Posted on in Personal Injury

fort collins personal injury lawyerThroughout December and early January, many Americans get together with their friends and families to celebrate the winter holidays. For many people—especially those whose employers throw company-paid holiday parties—such celebrations may include a night out at a local restaurant or bar. While these parties might start with the proverbial good cheer of the holiday season, the combination of alcohol and personal differences can lead to verbal and even physical altercations.

People often lose sight of the fact that no perceived slight or indignity is grounds for assaulting another person. When flared tensions result in personal injuries or even emotional distress in some instances, there are consequences in both the state’s criminal courts and, if the injured person should choose, civil courts. If you have been injured in a physical altercation in a Colorado bar or restaurant, whether as an intended victim or mere bystander, you have the legal right to hold the at-fault party responsible for the harms that you have suffered.

Battery Is Both a Crime and a Tort

Physical violence has long been codified in criminal and civil law. In common law (the antecedent to American law), the tort of battery is a “harmful or offensive” intentional contact. Examples include a shove, punch, kick, grab, or inappropriate sexual contact. Importantly, in the context of battery in a bar or restaurant, the legal doctrine of “transferred intent” allows for liability for harm intended by a tortfeasor—the individual who caused the injury—to one person to be transferred when someone other than the intended victim is harmed.
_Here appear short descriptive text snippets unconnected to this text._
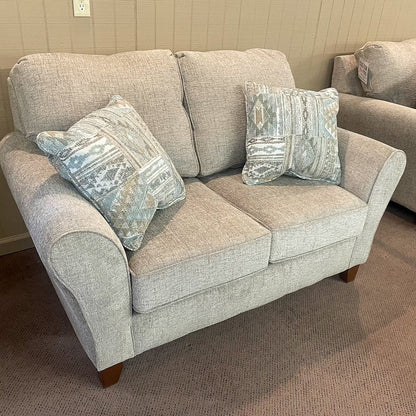 Paxton Living Large Tobacco Loveseat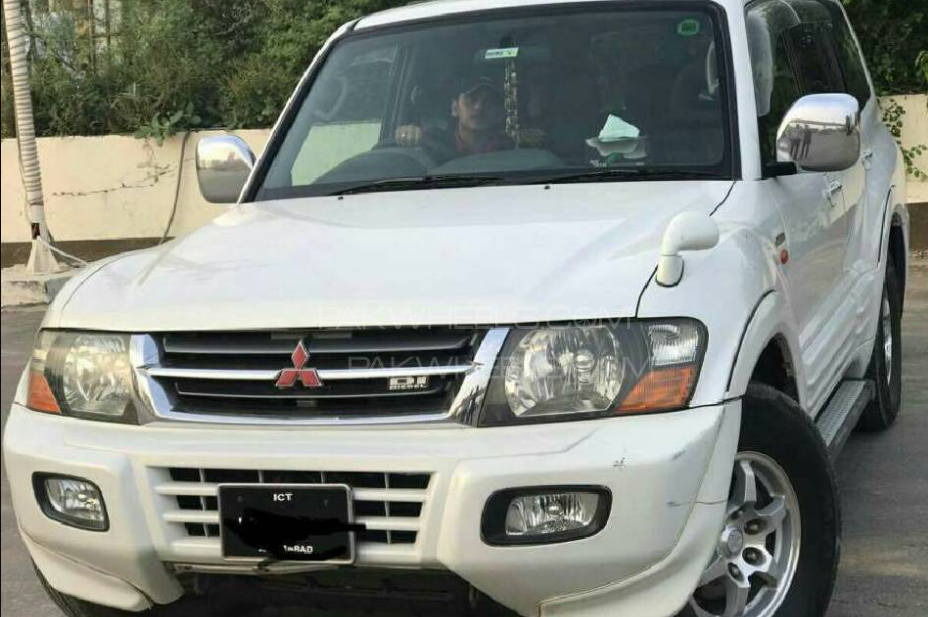 Mitsubishi Pajero 2002 for Sale in Multan Image-1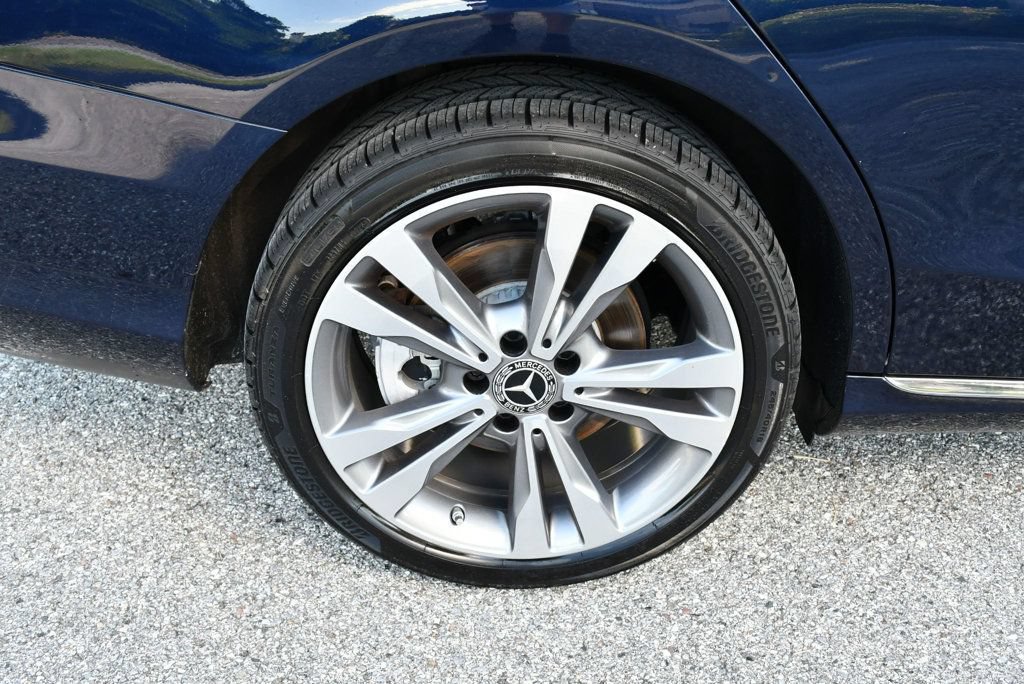 Used 2019 Mercedes-Benz C 300 4MATIC Sedan image 66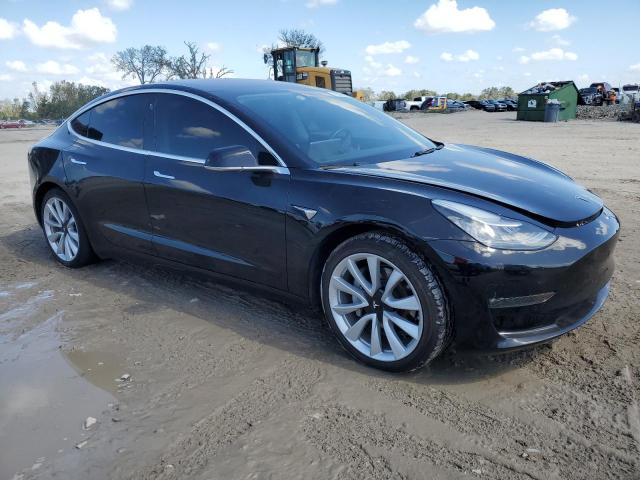 Photo 4 from auction – 2018 TESLA MODEL 3 with VIN 5YJ3E1EA3JF005847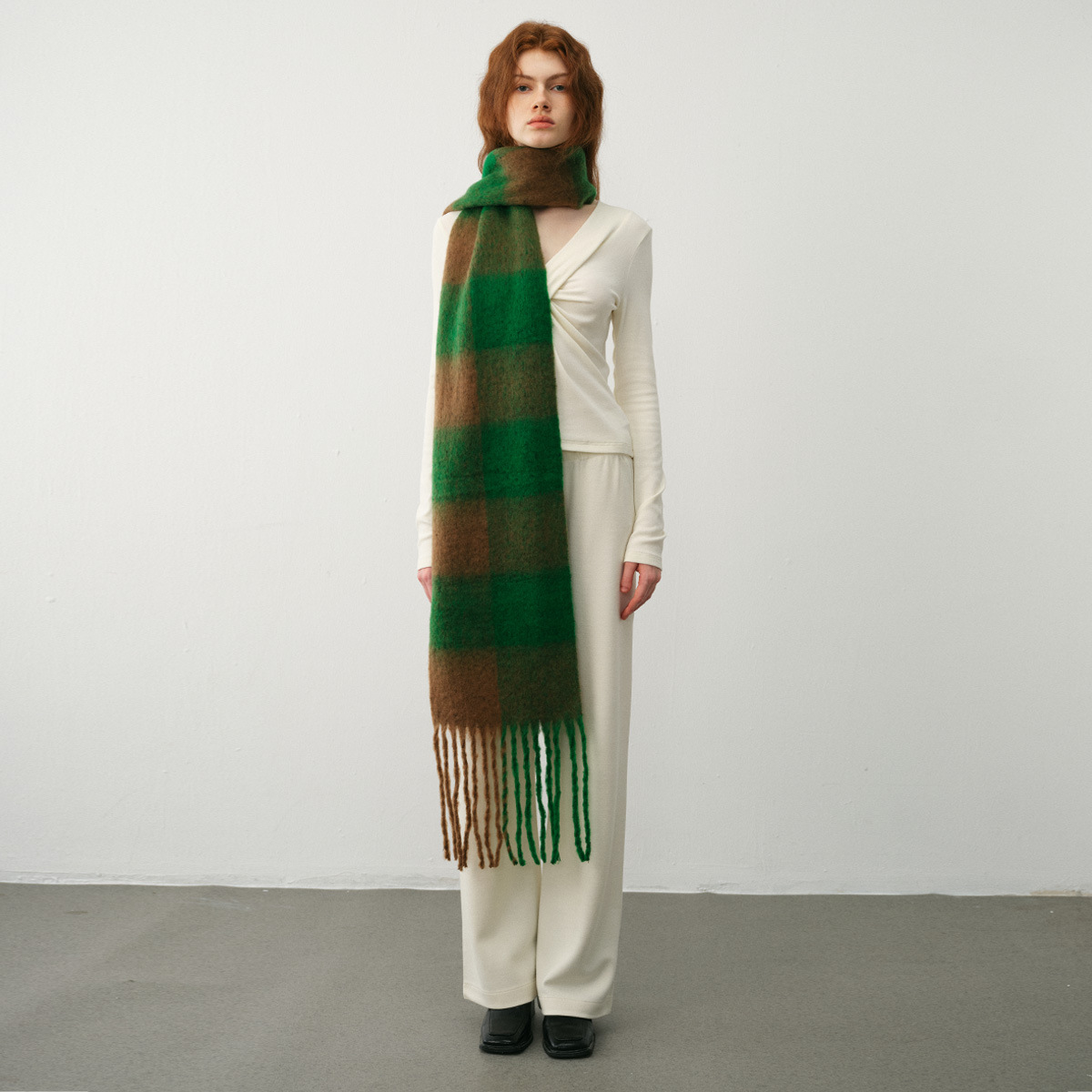 Designer's niche extended fringe scarf checkerboard checkerboard cashmere scarf women's winter ambience scarf_voghion.com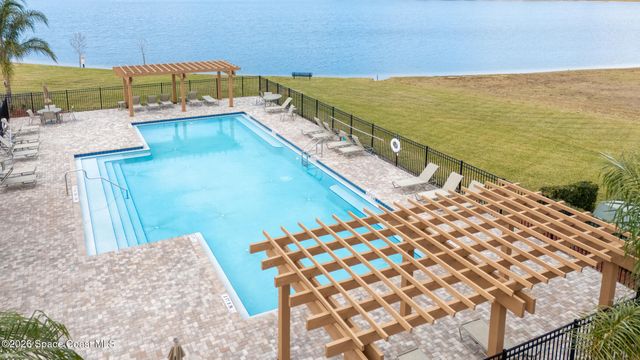 1814 Farmhouse Road SE, Palm Bay, FL 32909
To make this legally dense terminology less abstract, imagine the scenario when, as a verbal dispute escalates, a punch is thrown by one man at another. Now imagine that the punch misses the intended victim and instead lands, viciously, on the face of an innocent bystander standing slightly to the left of the intended victim. The attacker might attempt to argue that he did not mean to punch the bystander. Under tort law, however, the doctrine of transferred intent steps in, treating the issue of intent broadly and generally, and thereby holding the attacker liable for even violence against an unintended target.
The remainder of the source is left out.